Choosing the right number of components is a trade-off between information retention and dimensionality reduction. I would use two methods to make an informed decision:

- Explained Variance Threshold: I would calculate the cumulative explained variance and choose the minimum number of components required to capture a high percentage of the total variance, typically 95%. This ensures we retain most of the useful signal while discarding noise.

- Scree Plot: I would visualize the eigenvalues of each component in a "scree plot." This plot typically shows a steep curve followed by an "elbow" where the curve flattens out. The number of components at this elbow point is often a good choice, as it represents the point of diminishing returns where subsequent components explain very little new variance.

**3. Use KNN for Classification Post-Dimensionality Reduction**

Once the dimensionality has been reduced, I would train a K-Nearest Neighbors (KNN) classifier.

- Training: The KNN model would be trained on the transformed dataset (the selected principal components). This model will be computationally much faster and less prone to overfitting because it's operating in a lower-dimensional space where distance metrics are more meaningful.

- Hyperparameter Tuning: I would use GridSearchCV with cross-validation to find the optimal value of 'k' (number of neighbors) and the best distance metric (euclidean vs. manhattan).

**4. Evaluate the Model**

Given the small sample size, a simple train-test split is insufficient.

- Evaluation Protocol: I would use Stratified k-Fold Cross-Validation to get a reliable estimate of the model's performance. Stratification ensures that the proportion of each cancer type is the same in each fold, which is critical for imbalanced datasets.

- Evaluation Metrics: I would not rely solely on accuracy. A comprehensive evaluation would include:

    - Confusion Matrix: To see the exact breakdown of correct and incorrect predictions for each cancer type.

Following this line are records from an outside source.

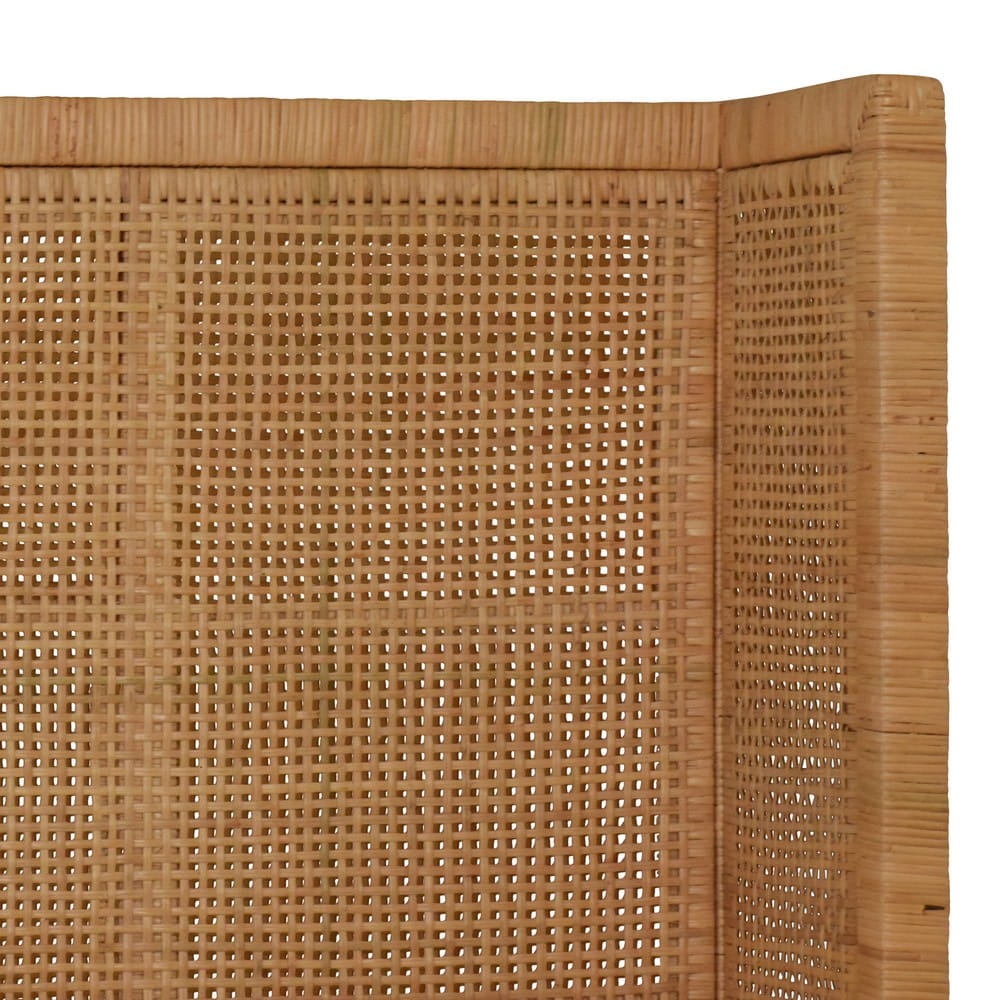 Worlds Away - Winged Headboard And Platform In Radio Weave Wrapped Rattan, King Size - DOLLY KING view 5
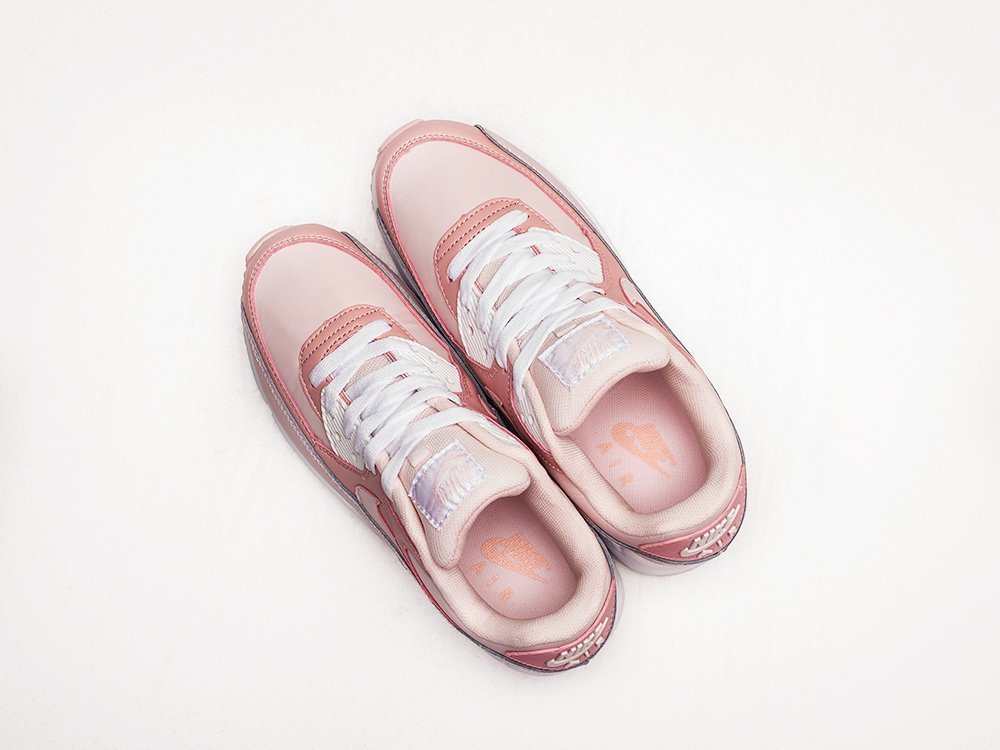 Nike Air Max 90 WMNS розовые кожа женские (AR24407) - фото 3 Nike Air Max 90 WMNS розовые кожа женские (AR24407) - фото 3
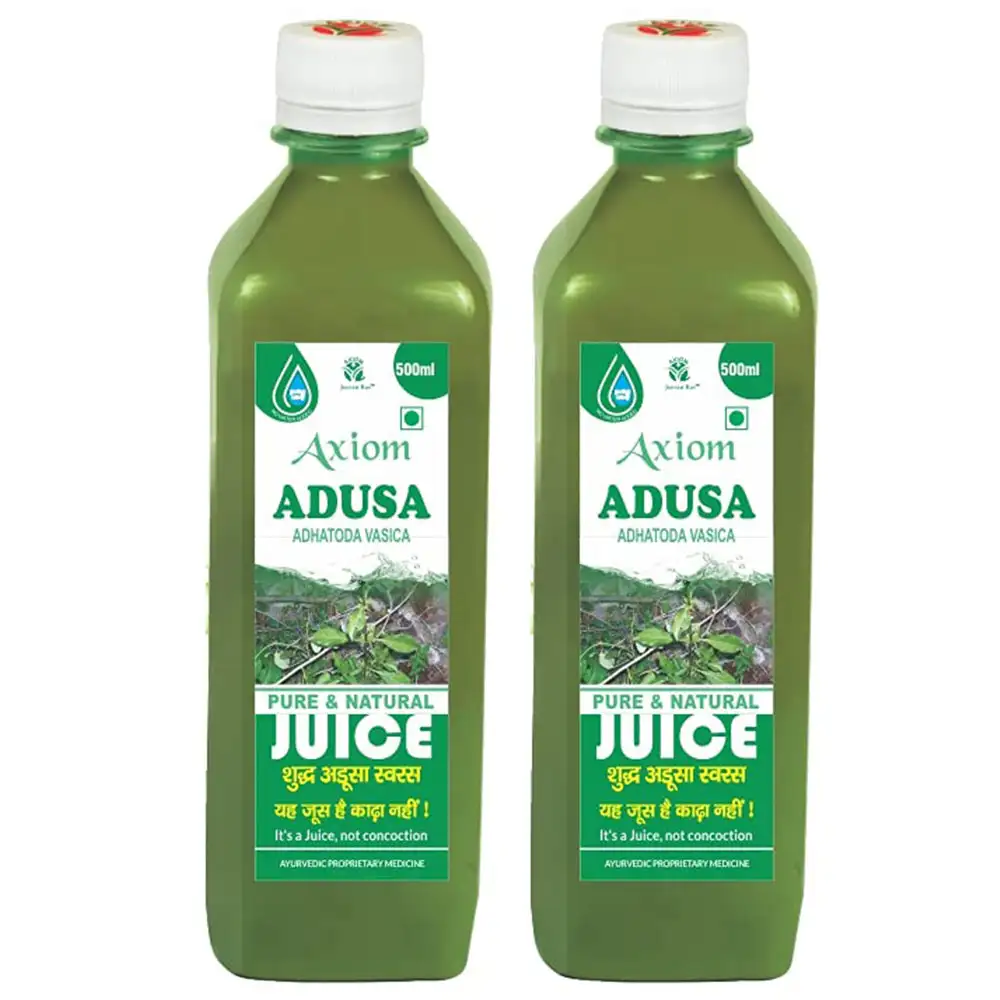 Jeevan Ras Adusa Juice,  Unflavoured Pack of 2  0.5 L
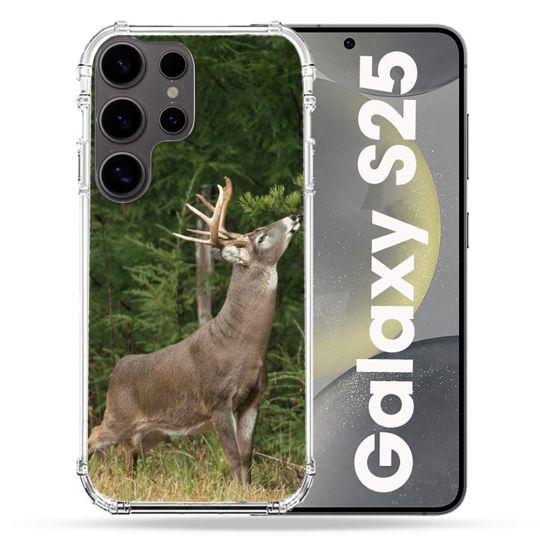 Coque Renforcée Pour Samsung Galaxy S25 Chasse Cerf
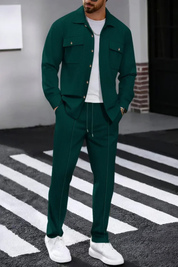 Luca Moretti | Refined Textured Co-Ord Set For Men
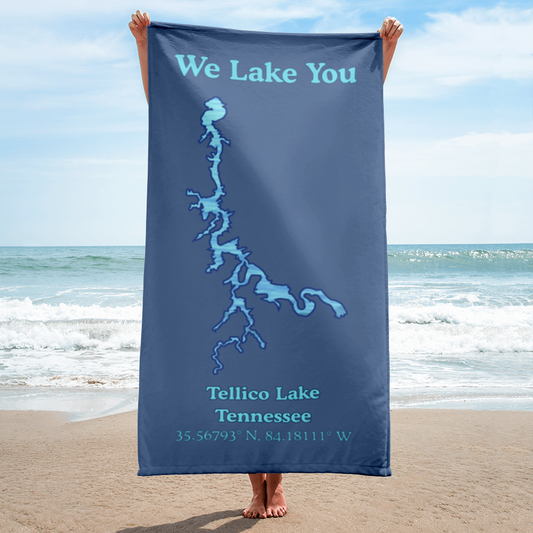 Tellico Lake Beach Towel
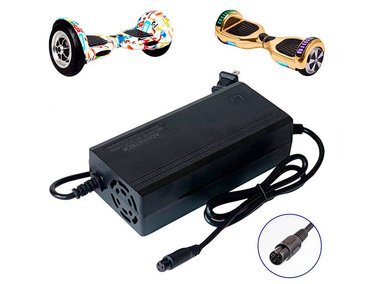 CARGADOR PARA HOVERBOARD ADVANTECH 36V2A SMART BALANCE 36V BATERÍA DE LITIO. SALIDA 42V 2A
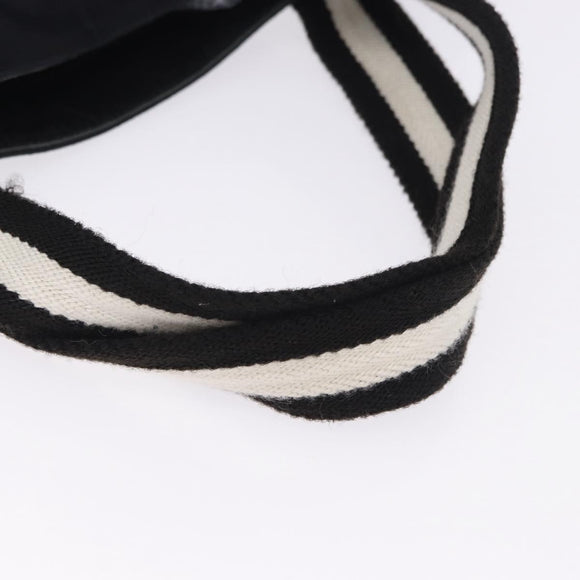 GUCCI Tote Bag Canvas Navy 123439 Auth bs36820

    - Precision, Recall, and F1-Score (per class): To assess performance for each specific type of cancer, which is vital in a medical context.

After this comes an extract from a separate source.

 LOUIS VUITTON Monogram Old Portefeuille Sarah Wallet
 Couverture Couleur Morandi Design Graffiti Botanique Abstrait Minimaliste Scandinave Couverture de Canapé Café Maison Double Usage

**5. Justify this Pipeline to Stakeholders**


When presenting this solution, I would emphasize the following points:

- Robustness: "This pipeline directly addresses the main challenge of this dataset: having far more features than samples. By using PCA, we create a model that learns from the most important underlying biological patterns, not the noise, making it less likely to overfit and more reliable for diagnosing new patients."

- Efficiency: "By reducing thousands of gene features to a handful of principal components, the final classification model is extremely fast and computationally inexpensive, making it practical for real-world clinical use."

- Proven Methodology: "This combination of PCA and KNN is a standard and well-regarded approach in bioinformatics for analyzing complex genetic data. It allows us to build a powerful predictive model even when the data is challenging, leading to a more accurate and trustworthy diagnostic tool."